Guide to Marketing to DoD

Are you a small business interested in working for DoD? Pursuing DoD contracts is not for everyone; it requires patience, persistence and an in-depth understanding of federal acquisition rules.

It typically takes at least 18 months of planning before a government contractor wins their first contract. Plan to invest significant time and resources becoming procurement ready, identifying potential opportunities, marketing to potential clients, developing proposals, implementing your first DoD contract and complying with DoD rules.

While it’s not easy, several government resources and tools can help you win your first DoD contract. This step-by-step guide explains how to get started.

Step 1: Enlist Your Support Network
DoD’s support network serves you. In 1985, DoD created the Procurement Technical Assistance Program (PTAP), which is administered by the Department of Defense Office of Small Business Programs, for the specific purpose of helping small businesses that want to learn about doing business with DoD.

The APEX Accelerators help small businesses compete for and execute contracts with DoD and other federal agencies. Most APEX Accelerator services are free. You can find your local APEX Accelerator here.

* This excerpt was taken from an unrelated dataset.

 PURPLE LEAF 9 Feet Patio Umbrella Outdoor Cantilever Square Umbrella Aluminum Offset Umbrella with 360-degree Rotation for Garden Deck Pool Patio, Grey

Small Business Development Centers (SBDCs) provide aspiring entrepreneurs and small business owners free one-on-one training in business plan development, finance and marketing. SCORE holds events and workshops across the country to match entrepreneurs with local, volunteer mentors. You can find your local SCORE business office here.

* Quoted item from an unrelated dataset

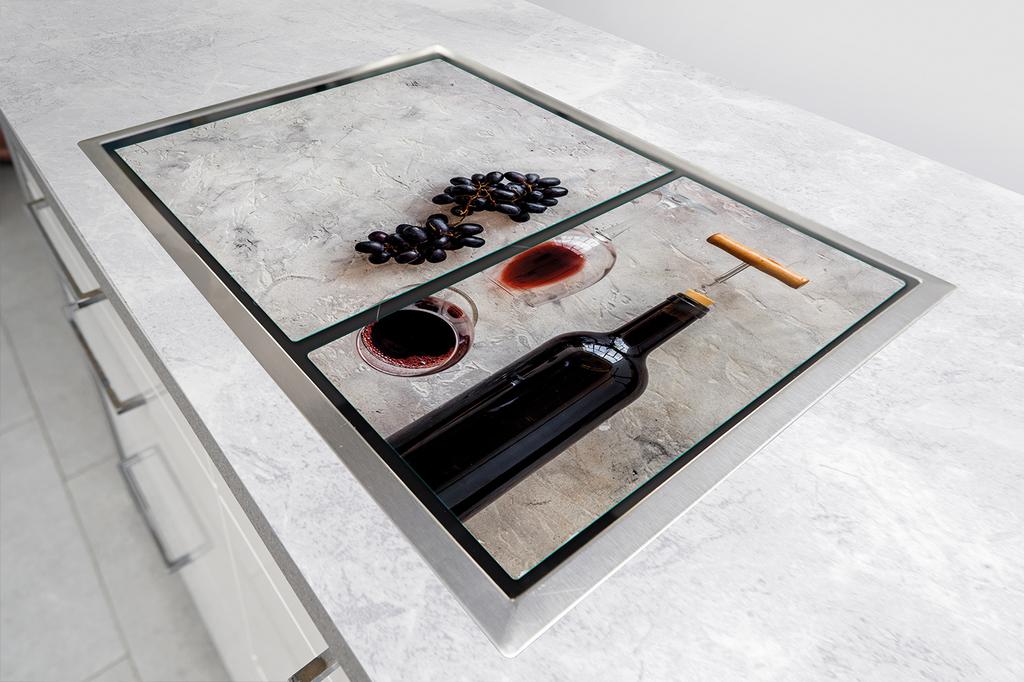 SZKLANA PŁYTA OCHRONNA NA KUCHENKĘ 75x52 WINO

A list of public and private programs that support veteran entrepreneurs is here.

Women Impacting Public Policy (WIPP), American Express OPEN and the Small Business Administration launched ChallengeHER in 2013 to boost government contracting opportunities for WOSBs. ChallengeHER provides free workshops, mentoring and direct access to government buyers. 

Step 2: Understand the Rules
Review the Federal Acquisition Regulation (FAR) and the Defense Federal Acquisition Regulation Supplement (DFARS). These rules, which govern DoD acquisitions, are complex.

It’s very important to understand the rules. For example, WOSB sole-source authority was established in 2015, but the WOSB sole-source authority works differently than the 8(a)’s sole-source authority. Many WOSBs believe they are entitled to sole-source contracts because the authority exists. It doesn’t work that way. In the WOSB program, sole-source contracts are only authorized when only one WOSB can perform the requirement. And that has to be demonstrated through market research.

Step 3: Register in SAM
The FAR requires all federal government contractors to be registered in the System for Award Management ( Your local APEX Accelerator can help you complete your SAM registration for free. SAM’s website includes FAQs, user guides, helpful hints and videos. If you have questions about SAM, you can contact the Federal Service Desk at 866–606–8220.

Step 4: Target Your Market

10 Steps to Winning Your First DoD ContractDownload our Guide to Marketing to DoD

DoD employs more than 30,000 acquisition staff. In fiscal year 2021, DoD awarded more than $154 billion in prime contracts to small businesses.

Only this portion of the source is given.